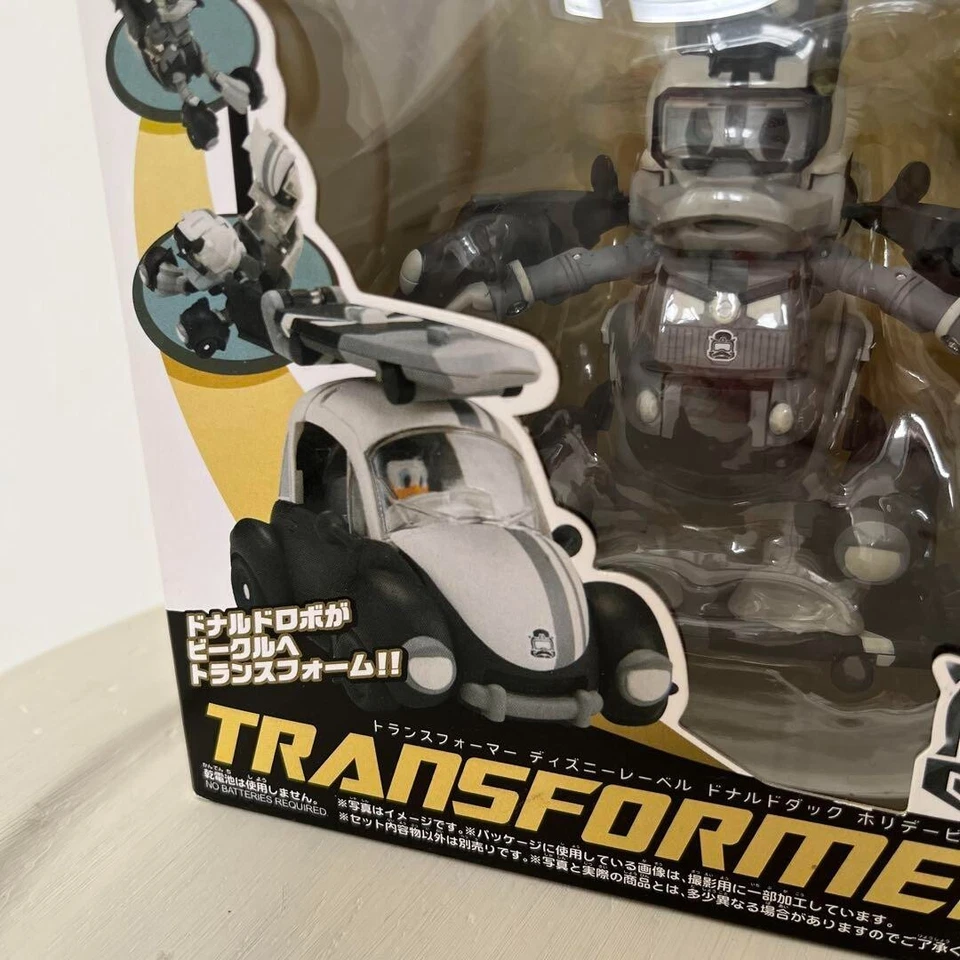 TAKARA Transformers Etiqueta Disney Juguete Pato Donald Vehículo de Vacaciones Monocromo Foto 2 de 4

+ + + +

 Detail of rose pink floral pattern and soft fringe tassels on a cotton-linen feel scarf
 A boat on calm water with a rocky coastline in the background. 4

+ + + +

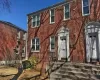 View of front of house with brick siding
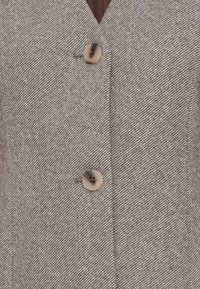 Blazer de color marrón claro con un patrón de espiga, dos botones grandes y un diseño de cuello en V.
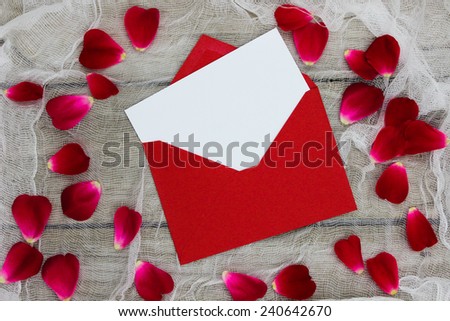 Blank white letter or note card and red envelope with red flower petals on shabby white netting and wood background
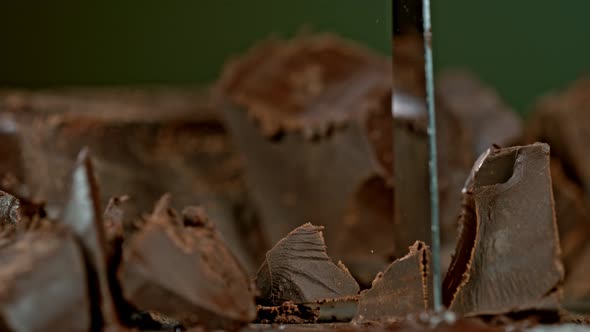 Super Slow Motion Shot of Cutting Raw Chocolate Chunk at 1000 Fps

+ + + +

▶ _Your task_
Retype the entries above exactly, but only from the line containing "Detail of rose" through the line containing "A boat on calm", both included.

▶ _Task response_
 Detail of rose pink floral pattern and soft fringe tassels on a cotton-linen feel scarf
 A boat on calm water with a rocky coastline in the background. 4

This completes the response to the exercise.